The Economy Exists for All People
New York Times columnist Charles Blow wrote last year that because the married will soon be a minority, we should “start asking ourselves whether it is fair and right to continue to reward and encourage marriage through taxation and policy.” The trouble is that families produce economic and relational stability for children who are their natural fruit. If we cease to incentivize marriage, future generations will inherit an economy that is hostile to their flourishing. Consider the word economy, which derives from oikonomía, meaning “household management or administration.” While economic activity gradually migrated from the household to industry and commerce, it has always been to serve (if not well) the needs of families. The economy exists for people, not just so that they can obtain the necessities of life but also to uphold life and human dignity, particularly through support of the family and the common good. Marriage, as traditionally defined, inherently serves the common good through children and the love that binds family members together. The goods of marriage ripple outward, which is why the category of “married people” is one of multiplicity. In other words, marriage is not just for the couple, but for their family, friends, and the greater society.
Single People Aren’t Penalized
Far from punishing single people for being unmarried, the government subsidizes marriage because it has an interest in preserving the surest means of raising children in stability. Though it’s true what Lily Kahng, an former attorney for the Department of the Treasury wrote in a 2010 law article on the costs of single living –
“There is never a single person’s bonus — that is, a single person never pays less relative to a couple, whether married or unmarried, with the same amount of income as the single person.”
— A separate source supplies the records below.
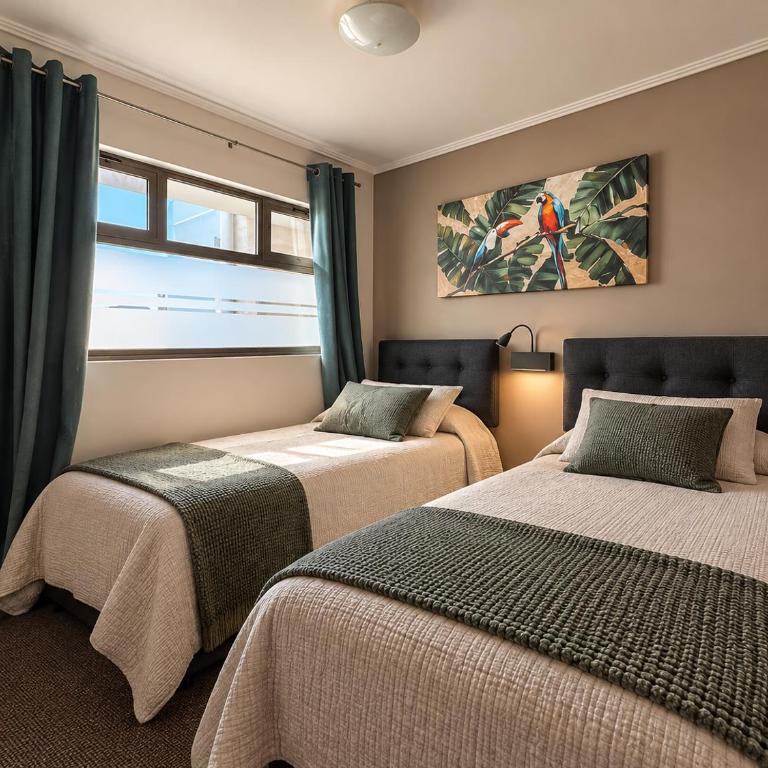 Holiday Park Reñaca 605 se requiere abono directo para confirmar reserva - Apartamento de 2 dormitorios - 4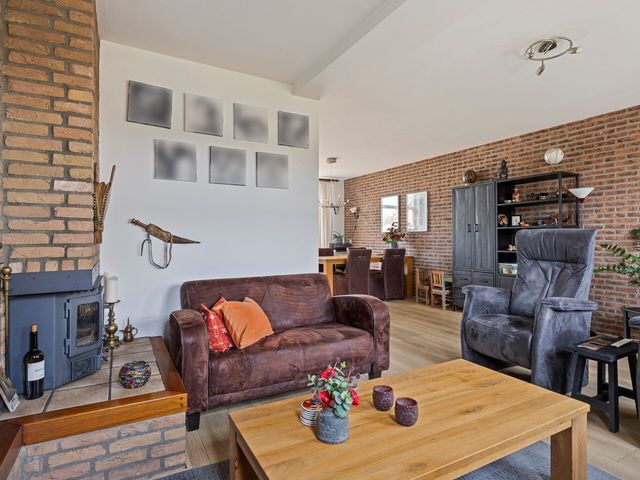 Kerkdijk 14B, Hooge Zwaluwe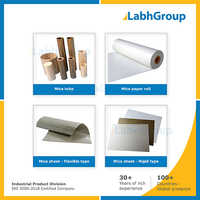 Mica Insulation Material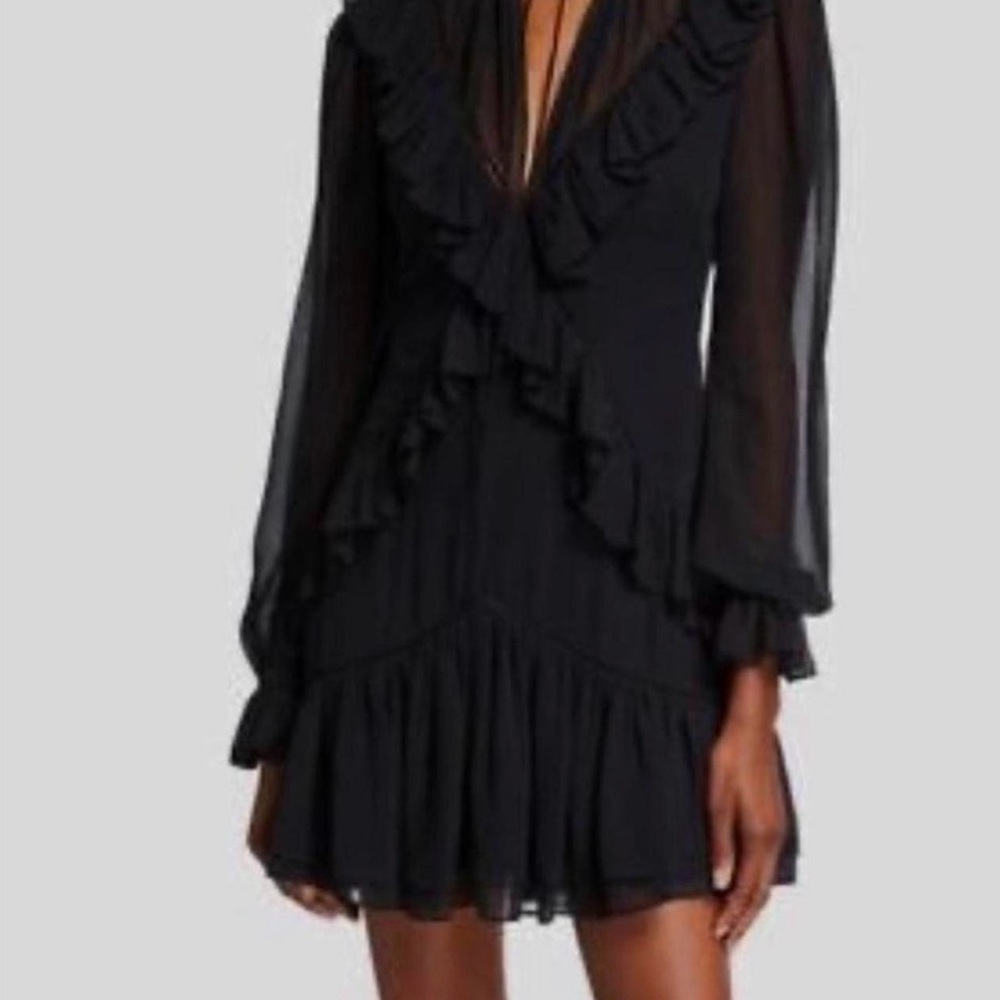 NEIMAN JONATHAN SIMKAI DRESS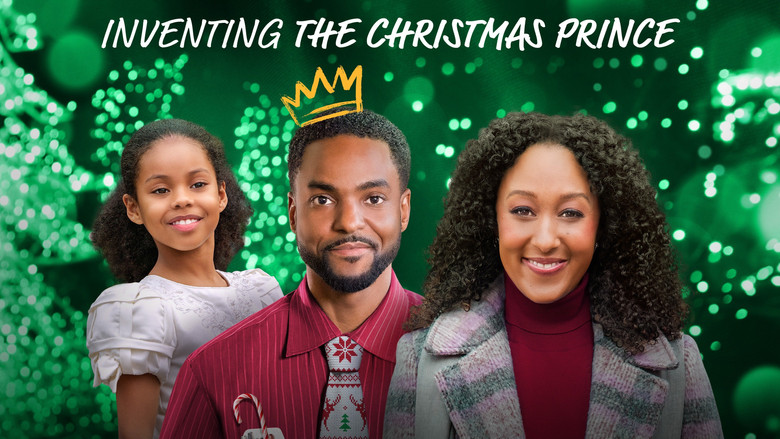 Inventing the Christmas Prince still 4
– it’s not so cheap to be married or have a family either. Yes, single people will not receive many of the economic benefits that couples can do, but these are not so simple as “single people get the last slice of pie.” First, there is a marriage tax penalty which affects working couples who make equal or near-equal incomes to each other. This is the two-income trap Elizabeth Warren described in her 2004 book, and it actively disincentives marriage between low-income people who stand to gain the most from it in terms of upward mobility and generational wealth. Second, single people more often than not are interested, at least remotely, in marriage. How would eliminating the so-called “marriage bonus” improve their prospects for finding a potential spouse? How would they benefit from the an absence of married couples to give them a point of reference and support? Finally, the health and economic benefits conferred on married people have less to do with systemic privilege than with the behaviors and attitudes marriage fosters, especially in men.
We Should Always Incentivize Marriage
It’s not that “the economy hasn’t caught up” with Millennials who are “postponing or forgoing marriage,” as Business Insider contends. In fact, the Institute for Family Studies recently noted that America’s falling birthrate is the result of a cultural shift away from parenthood, not child-care costs or increasing student loan debt. The government should not abandon its duty to defend and uphold the future of our country, especially if it spells a frightening economic and social future. A society with more single people and fewer families means a dearth of much-desired intimacy and belonging in our deracinated time. Single people and families rely on each other for support as they grow and change, and perhaps transition into different stages of life. For families with young children, social connectedness is a matter of survival, when the early months and years of parenting resemble an around-the-clock job with no vacation time. Why make it harder for parents to divide labor along the lines of traditional gender roles in light of the all-consuming role of motherhood?
Reconciling Two Different Groups
That married couples who fall under this category can file jointly to receive a “marriage bonus” is not some relic of an overly-idyllic postwar order, but a reasonable recognition by our government that parenting is essential work requiring the attentiveness of a full-time caregiver. At the same time, the fact that singles feel so singled out in our society warrants a look at how we idolize marriage as an exclusionary romantic relationship. Are we too focused on the marriage relationship as the only and ultimate source of happiness? Are we forgetting to talk about the real trade-offs and struggles of marriage and family in our efforts to defend them? Do we emphasize the sacrificial nature of love which transcends relationship status? Rather than treating the issue as a zero-sum game, we should discuss ways that they can not only coexist, but mutually benefit one another. As Other Feminisms author Leah Libresco Sargeant puts it:
When we look at how we arrange our schedules, our neighborhoods, our laws, there has to be room for friendships to be taken every bit as seriously as marriage. There is no limit to the gift we can make of ourselves—our calling isn’t circumscribed by a ring.